PROBLEM TO SOLVE: Among the lines below, restate word for word only those from the line with "Givenchy （分類：波鞋）位於 Hong" through the line with "Baymont by Wyndham St. Joseph/Stevensville 5", with both end lines kept.

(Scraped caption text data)
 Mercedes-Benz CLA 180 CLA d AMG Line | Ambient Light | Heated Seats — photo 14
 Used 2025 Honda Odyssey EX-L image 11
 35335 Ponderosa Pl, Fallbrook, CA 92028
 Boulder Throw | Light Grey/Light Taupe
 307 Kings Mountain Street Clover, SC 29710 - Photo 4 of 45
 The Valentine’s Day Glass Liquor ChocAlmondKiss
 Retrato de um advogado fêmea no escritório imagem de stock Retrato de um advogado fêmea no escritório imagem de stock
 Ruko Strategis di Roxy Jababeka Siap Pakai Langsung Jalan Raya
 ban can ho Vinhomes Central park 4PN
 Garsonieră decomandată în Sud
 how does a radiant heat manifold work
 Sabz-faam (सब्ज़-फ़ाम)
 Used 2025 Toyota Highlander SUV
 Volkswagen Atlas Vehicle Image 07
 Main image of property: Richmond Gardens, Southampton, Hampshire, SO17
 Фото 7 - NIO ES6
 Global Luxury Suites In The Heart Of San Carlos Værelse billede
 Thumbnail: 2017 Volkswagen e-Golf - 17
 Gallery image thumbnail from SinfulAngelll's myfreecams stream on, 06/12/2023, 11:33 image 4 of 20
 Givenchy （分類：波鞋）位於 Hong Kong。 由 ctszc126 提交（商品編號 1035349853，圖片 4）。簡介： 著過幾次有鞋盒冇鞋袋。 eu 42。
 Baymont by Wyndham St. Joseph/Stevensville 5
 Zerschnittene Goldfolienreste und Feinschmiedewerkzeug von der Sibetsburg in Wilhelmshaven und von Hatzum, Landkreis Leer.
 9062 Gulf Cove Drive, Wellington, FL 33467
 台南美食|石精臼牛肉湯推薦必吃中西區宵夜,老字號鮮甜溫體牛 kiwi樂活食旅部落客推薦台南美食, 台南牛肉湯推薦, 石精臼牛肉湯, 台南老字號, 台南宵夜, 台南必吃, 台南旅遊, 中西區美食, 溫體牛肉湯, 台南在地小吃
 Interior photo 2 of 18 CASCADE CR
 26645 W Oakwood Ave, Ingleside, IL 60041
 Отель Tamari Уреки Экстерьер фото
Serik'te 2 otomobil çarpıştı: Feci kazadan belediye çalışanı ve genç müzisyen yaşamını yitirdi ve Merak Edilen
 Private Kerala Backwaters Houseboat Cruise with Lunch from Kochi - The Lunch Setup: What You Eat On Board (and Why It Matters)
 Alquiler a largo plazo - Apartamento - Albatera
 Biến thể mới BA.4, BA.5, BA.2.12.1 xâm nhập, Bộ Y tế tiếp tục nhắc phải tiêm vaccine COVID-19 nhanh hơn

RESULT FOR THIS TASK:
 Givenchy （分類：波鞋）位於 Hong Kong。 由 ctszc126 提交（商品編號 1035349853，圖片 4）。簡介： 著過幾次有鞋盒冇鞋袋。 eu 42。
 Baymont by Wyndham St. Joseph/Stevensville 5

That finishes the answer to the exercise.